- **INSTRUCTIONS FOR THE TASK**
For the material below, set down exactly the lines between the one containing "پنکه رومیزی مه پاش مدل AIR COOLER FAN" and the last line, both included, leaving every picture out.

- **THE RECORDS**
[Start of section]
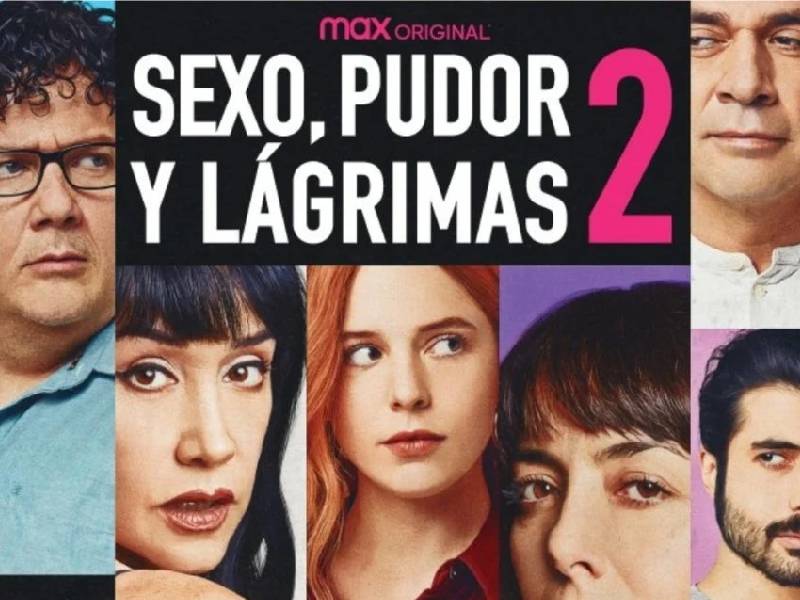 Sexo Pudor y Lagrimas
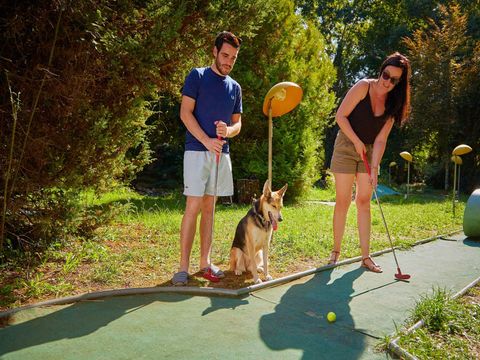 Camping Aqua Viva  - Camping Dordogne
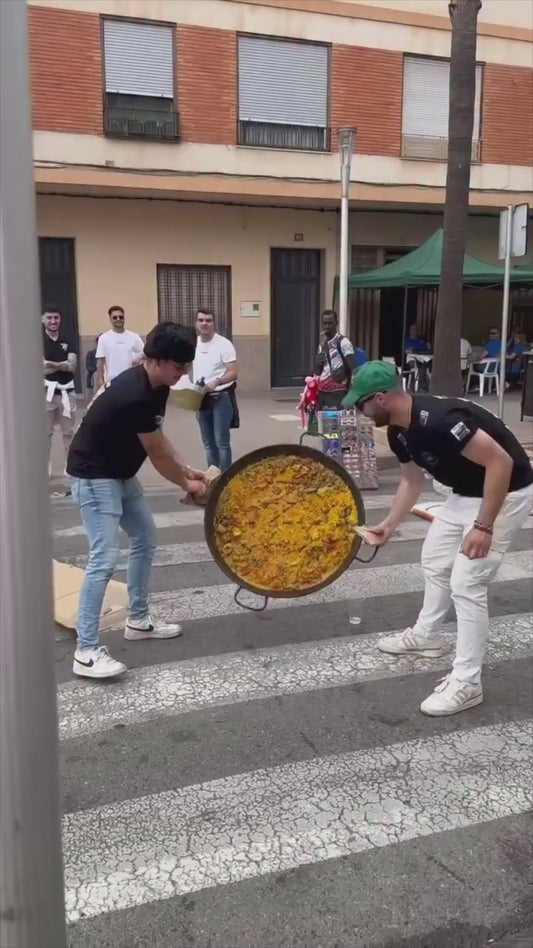 Warm Meal for a Child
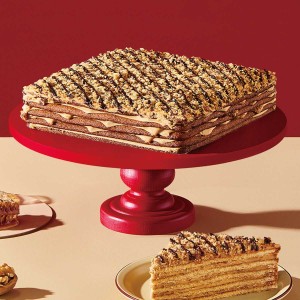 [말렌카] 허니케이크 위드 월넛(800g)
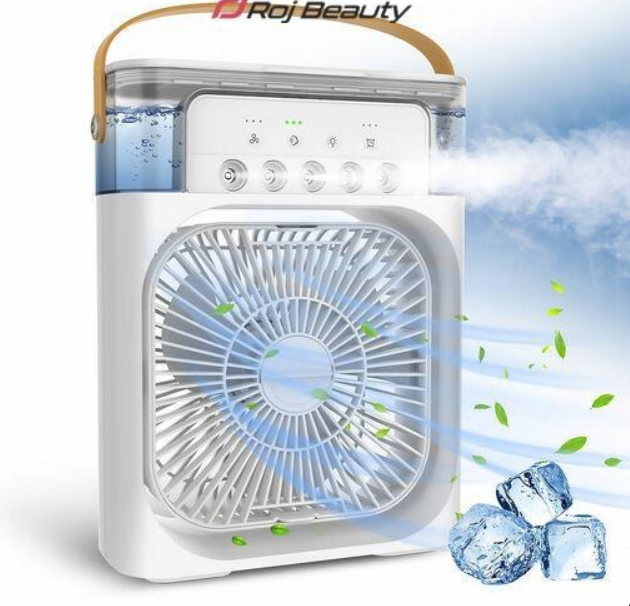 پنکه رومیزی مه پاش مدل AIR COOLER FAN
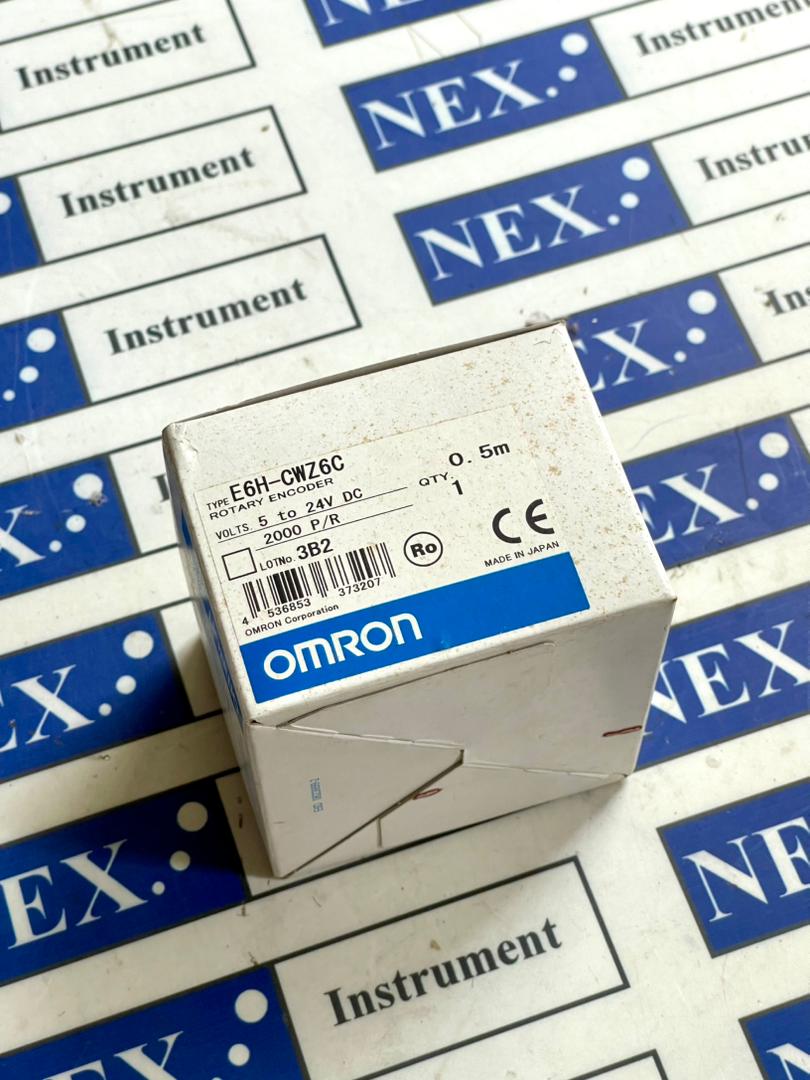 E6H-CWZ6C 2000P/R 0.5M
[End of section]
- **EXERCISE OUTPUT**
 پنکه رومیزی مه پاش مدل AIR COOLER FAN
 E6H-CWZ6C 2000P/R 0.5M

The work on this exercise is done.